• DATA FOR ANALYSIS:
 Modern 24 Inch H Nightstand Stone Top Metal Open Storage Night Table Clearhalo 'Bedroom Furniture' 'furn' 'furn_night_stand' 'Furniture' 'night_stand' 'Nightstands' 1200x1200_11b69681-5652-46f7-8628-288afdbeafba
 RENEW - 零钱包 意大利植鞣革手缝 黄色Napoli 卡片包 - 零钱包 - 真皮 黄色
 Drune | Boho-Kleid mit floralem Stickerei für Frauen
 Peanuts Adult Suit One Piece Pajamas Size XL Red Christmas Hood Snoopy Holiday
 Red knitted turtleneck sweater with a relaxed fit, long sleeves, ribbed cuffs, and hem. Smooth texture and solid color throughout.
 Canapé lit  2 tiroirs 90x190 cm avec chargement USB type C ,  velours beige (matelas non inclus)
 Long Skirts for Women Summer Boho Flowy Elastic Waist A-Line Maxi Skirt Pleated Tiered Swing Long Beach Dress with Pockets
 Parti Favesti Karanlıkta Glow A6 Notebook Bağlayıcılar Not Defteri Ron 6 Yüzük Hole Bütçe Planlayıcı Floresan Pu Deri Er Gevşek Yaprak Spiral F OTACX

• TASK: Your reply should be nothing but the lines from the one containing "Long Skirts for" through the last line above, copied exactly; please include both ends.

• RESPONSE TO THIS TASK:
 Long Skirts for Women Summer Boho Flowy Elastic Waist A-Line Maxi Skirt Pleated Tiered Swing Long Beach Dress with Pockets
 Parti Favesti Karanlıkta Glow A6 Notebook Bağlayıcılar Not Defteri Ron 6 Yüzük Hole Bütçe Planlayıcı Floresan Pu Deri Er Gevşek Yaprak Spiral F OTACX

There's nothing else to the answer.